The Pentagon has previously declined to say what troops were doing in the area of Uruzgan province on the night when Afghans reported several villages attacked and 40 civilians killed by a U.S. warplane.
But two Pentagon officials, speaking on condition of anonymity Tuesday, said U.S. special forces teamed with Afghan allies were pursuing intelligence tips suggesting that Omar, one or more of his top commanders, or some other level of Taliban of al-Qaida figure might be in the area. American commanders had enough credible information to believe it was worth sending in troops, one defense official said.
The mission had been under way for days before U.S. forces struck back at what they believed was enemy anti-aircraft fire.
The incident has strained relations between the U.S. military and Afghan leaders and is still under investigation.
Uruzgan, in central Afghanistan, is Omar's home province and one of the places where coalition forces for months have had search missions to root out remnants of Taliban and al-Qaida figures. Much attention also has been directed on the southeastern provinces of Paktia and Paktika along the Pakistan border.
Omar is still believed to be hiding in Afghanistan, a U.S. intelligence official said Tuesday. This official, too, agreed to speak only on grounds of anonymity.
Omar ``may still be in the area'' of Uruzgan, Lt. Gen. Dan K. McNeill was quoted as saying in Tuesday's editions of The Washington Post.
As many as 400 U.S. and Afghan ground forces were conducting a reconnaissance and search operation in the Uruzgan province as the tragedy unfolded, officials previously said. There also were U.S. special operations troops acting as air controllers on the ground at two locations in the area.
Secretary of Defense Donald H. Rumsfeld said Monday that video from Air Force AC-130 gunship that struck on July 1 shows gunfire from the ground. But it is difficult to tell from the nighttime video whether anti-aircraft guns were being fired at the plane.

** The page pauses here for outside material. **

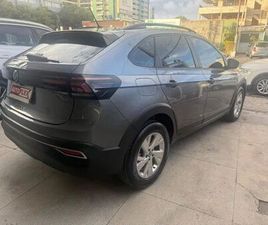 VOLKSWAGEN NIVUS 2024/2024 SENSE 1.0 200 TSI FLEX AUT.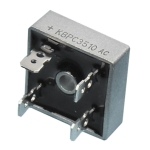 Rectifier Bridge KBPC3510, 35A/1000V, MB-35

``Clearly there was ground fire,'' he said, adding that the airstrike was based on observations by U.S. troops on the ground, not false information from Afghans seeking to harm factional rivals, as has been suggested by some reports from the area.
``We had people on the ground with eyes on targets who saw anti-aircraft (guns) and targeted them,'' Rumsfeld told Pentagon press conference.
Rumsfeld said the U.S. bombing campaign has been the most accurate ever and the number of civilian casualties relatively low.
Meanwhile, Pakistan has captured several suspected al-Qaida fugitives in the past two weeks, including one who may have been a top official for the terrorist network, Rumsfeld said.
U.S. officials are not certain about the identity of those who were apprehended, Rumsfeld told a Pentagon news conference, but ``there is some hope'' that one played a significant role in al-Qaida.
Rumsfeld used the news conference to announce progress in the nine-month-old war in Afghanistan. He praised the contributions of Pakistan and dozens of other countries in helping U.S. forces hunt down terrorists.
Rumsfeld announced that Norway, Denmark and the Netherlands will send F-16 fighter jets to Kyrgyzstan for use in air operations over Afghanistan, and that Slovakia has offered to send an engineering unit to Afghanistan. At the same time, Britain and Canada are withdrawing their ground forces.
``A lot of work remains to be done, but even at this early stage in the war the coalition can take a good deal of pride in the successes that they have achieved thus far,'' he said.
Rumsfeld predicted that al-Qaida leader Osama bin Laden eventually will be captured or killed, if he is not already dead.
Rumsfeld confirmed that U.S. soldiers have started providing security for Hamid Karzai, the head of Afghanistan's transitional government. U.S. soldiers replaced Karzai's Afghan guards after the assassination of an Afghan vice president this month raised concern about larger problems with security in Kabul.